**Given data**
++++
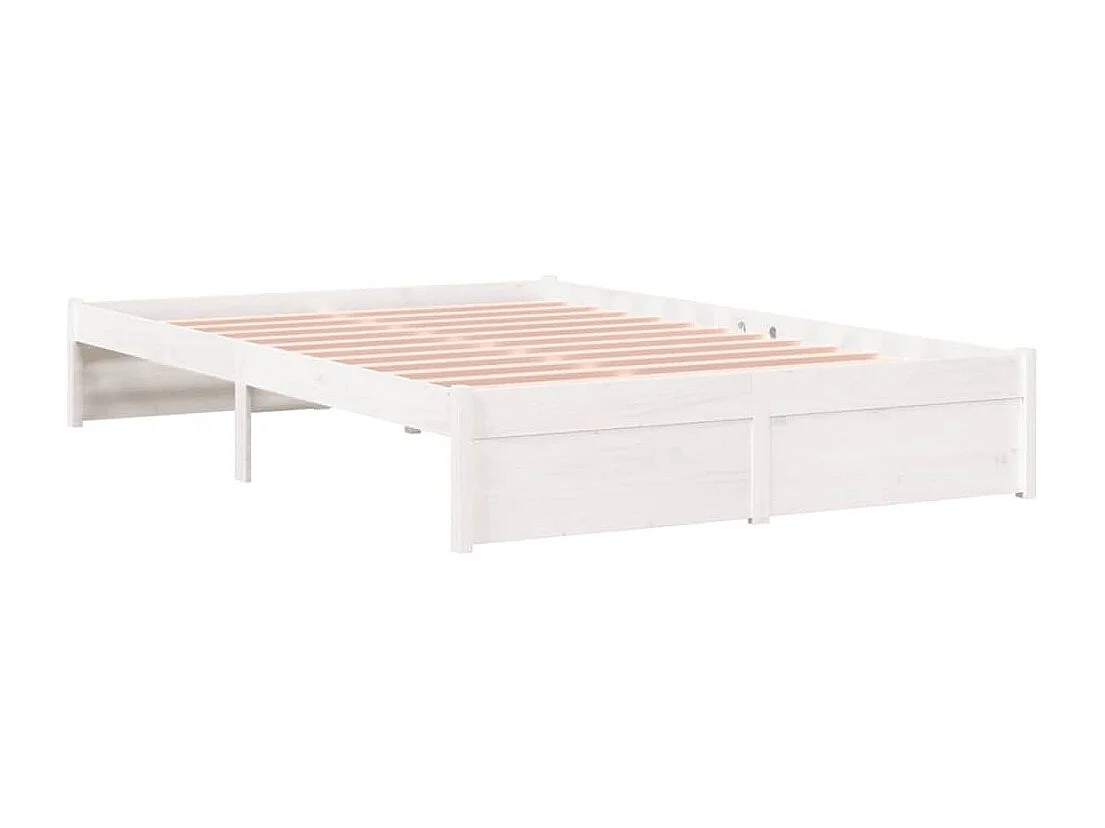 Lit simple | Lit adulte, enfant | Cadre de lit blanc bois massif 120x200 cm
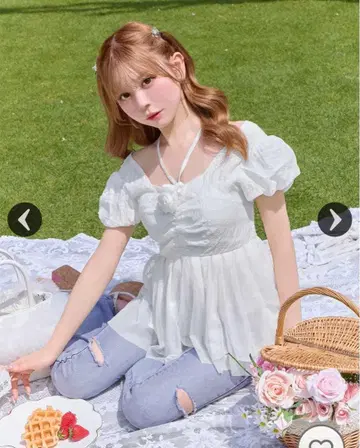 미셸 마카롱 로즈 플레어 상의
++++
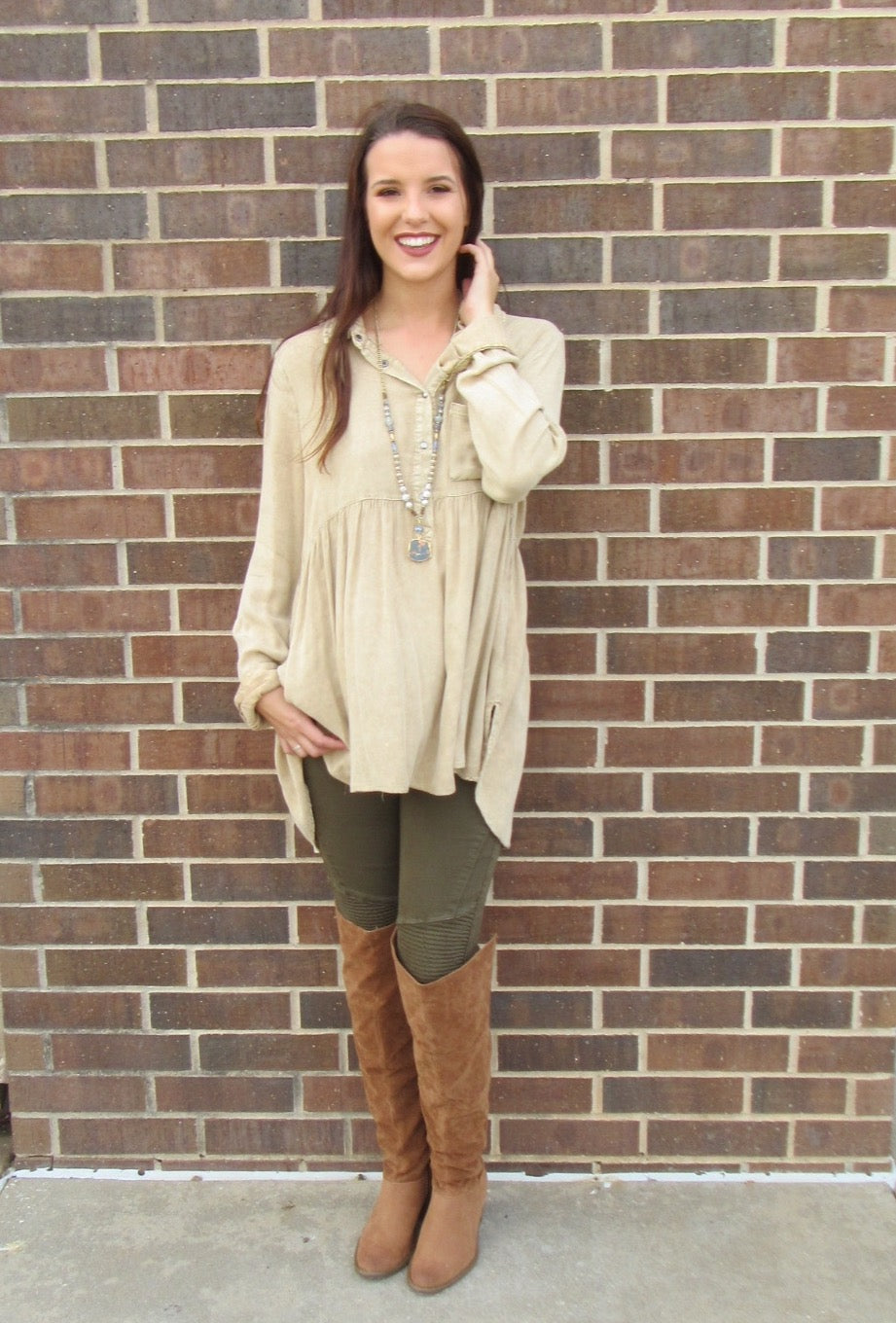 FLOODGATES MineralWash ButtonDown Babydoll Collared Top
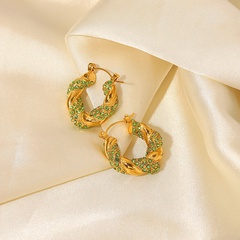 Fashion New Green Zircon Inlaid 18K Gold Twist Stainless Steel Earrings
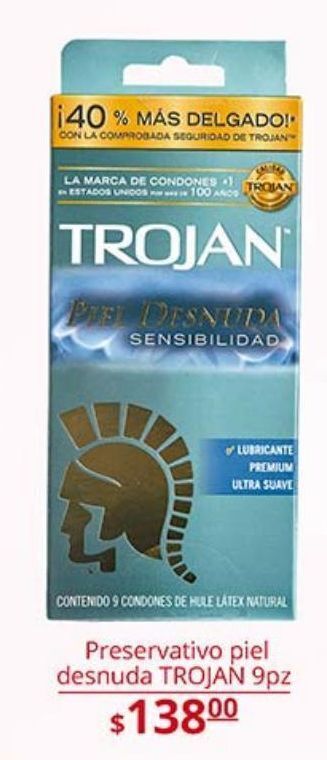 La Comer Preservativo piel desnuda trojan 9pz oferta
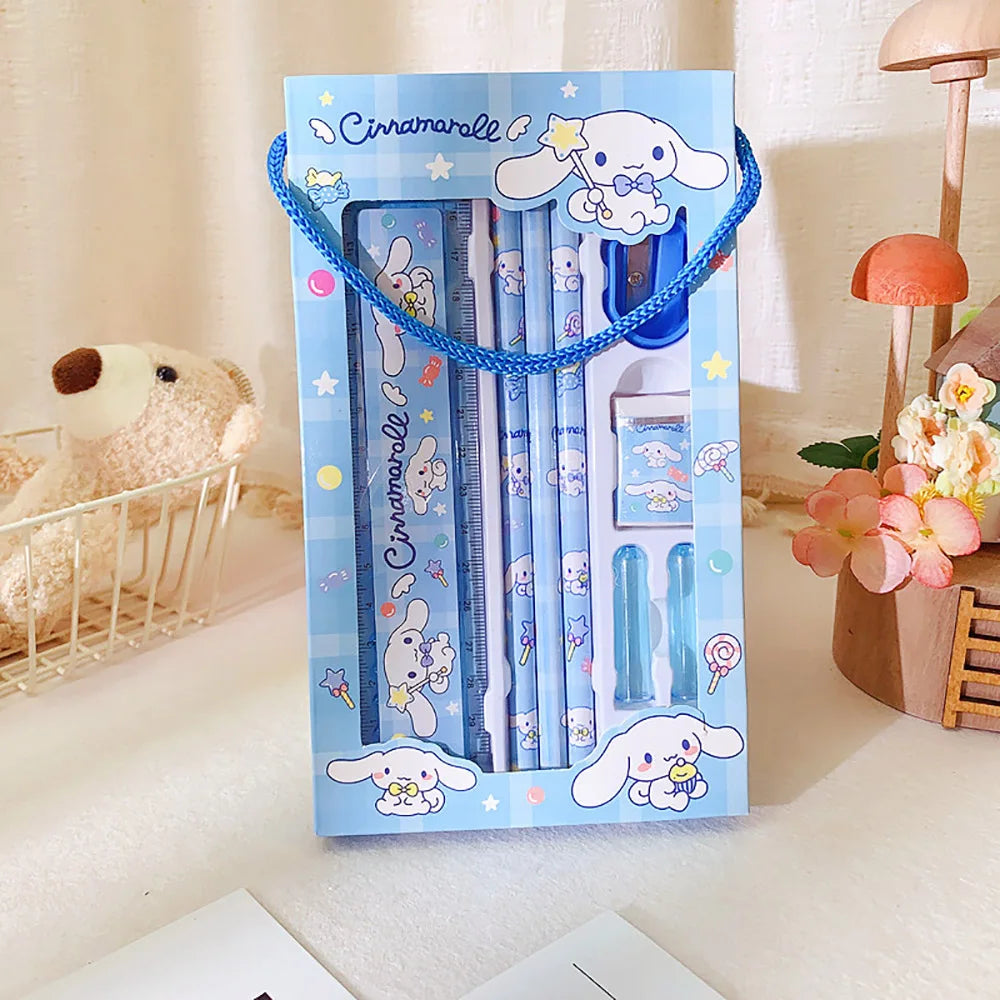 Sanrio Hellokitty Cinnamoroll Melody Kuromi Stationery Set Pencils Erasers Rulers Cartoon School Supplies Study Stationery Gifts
++++
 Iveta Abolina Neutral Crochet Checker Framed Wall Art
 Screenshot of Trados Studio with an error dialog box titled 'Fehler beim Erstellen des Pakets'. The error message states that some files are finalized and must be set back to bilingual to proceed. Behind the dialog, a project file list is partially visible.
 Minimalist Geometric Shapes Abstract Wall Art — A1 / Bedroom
++++
**Problem to solve**
Reproduce the entries exactly, from the line with "La Comer Preservativo" to the line with "Sanrio Hellokitty Cinnamoroll", both lines included, keeping no pictures.

**Answer space**
 La Comer Preservativo piel desnuda trojan 9pz oferta
 Sanrio Hellokitty Cinnamoroll Melody Kuromi Stationery Set Pencils Erasers Rulers Cartoon School Supplies Study Stationery Gifts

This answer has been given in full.